To understand the impact on the music industry if TikTok were to disappear from the U.S. market, it helps to understand the effect it’s had on the business thus far. To do that, it’s useful to look at TikTok in light of its natural predecessor: YouTube. YouTube has taken the music industry on a journey that TikTok is extending today.
YouTube is currently the largest distributor of music—of any kind—in the world. Its usage specifically for music is much larger than Spotify, for example, even though the biggest hits tend to get more plays on Spotify than their official videos are viewed on YouTube. The biggest reason for this is likely that YouTube’s main service is free, whereas while Spotify’s main service charges subscription fees and it’s constantly working to steer free-tier users toward its paid service.

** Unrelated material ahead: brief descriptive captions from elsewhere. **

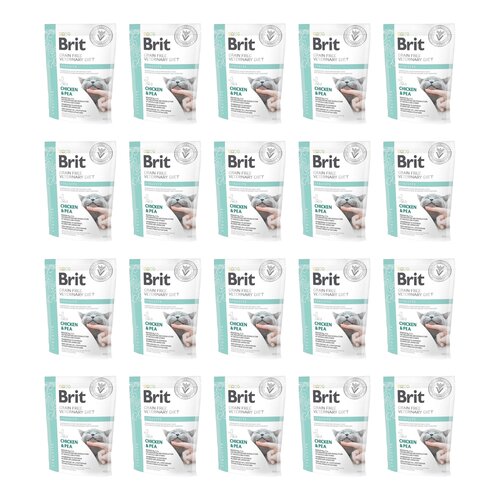 Karma dla kota BRIT Grain Free Veterinary Diets Cat Struvite 20 x 400 g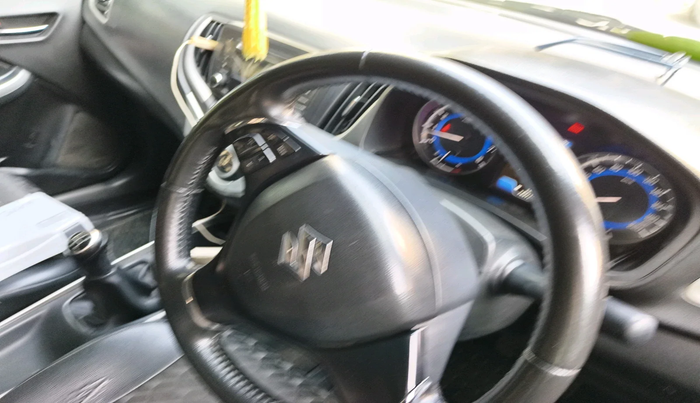 2018 Maruti Baleno ZETA PETROL 1.2, Petrol, Manual, 76,337 km, interior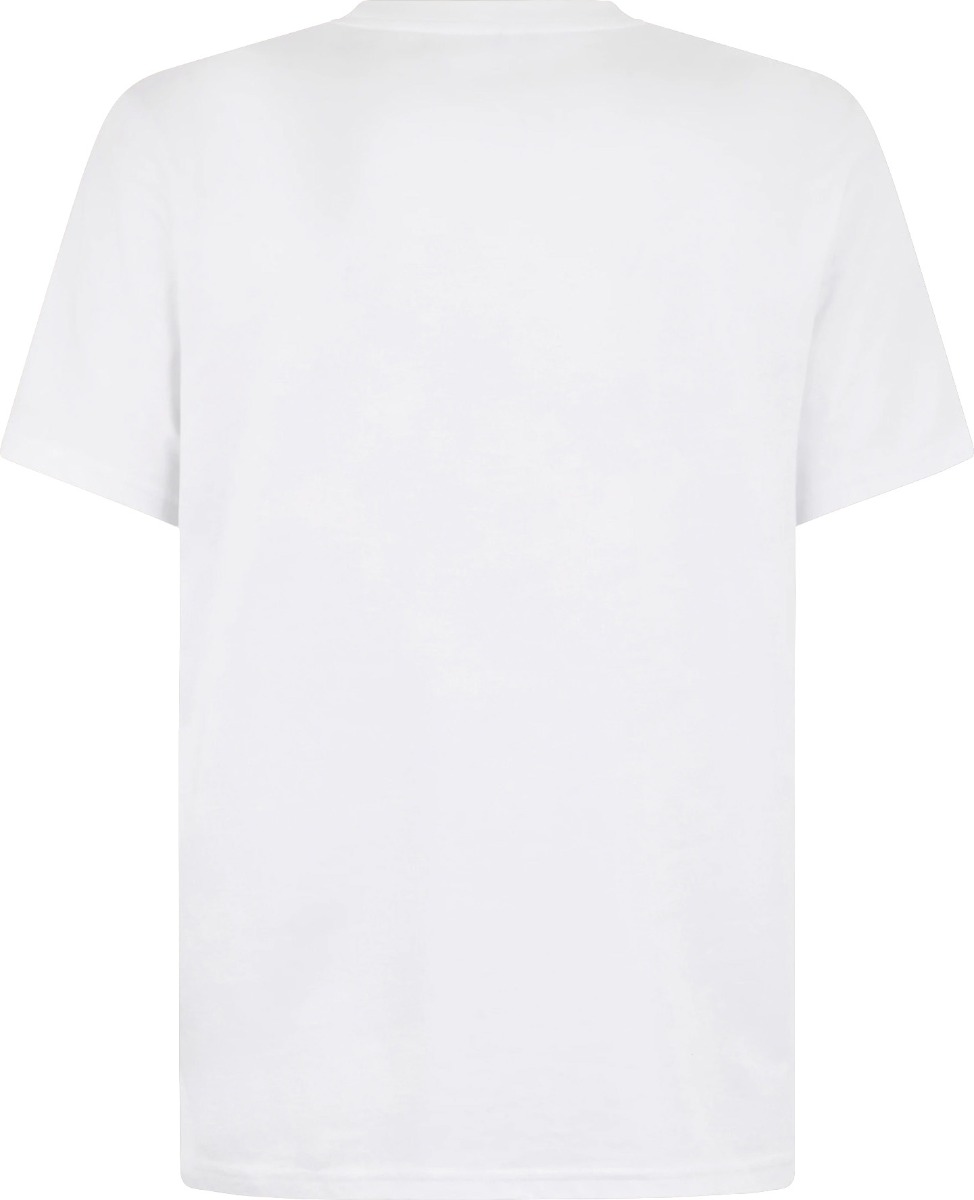 Moose Knuckles Heren T-shirt Wit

But another big reason for YouTube’s popularity has been its relative independence from the music industry. While Spotify only accepts music feeds from record labels (or digital distributors such as Distro Kid and CD Baby), anyone can upload videos with music to YouTube. And while Spotify did not launch in the U.S. until it had signed deals with the major record labels, YouTube, for the first couple of years of its existence, did not engage with copyright or royalty issues related to the massive amounts of music that users were uploading.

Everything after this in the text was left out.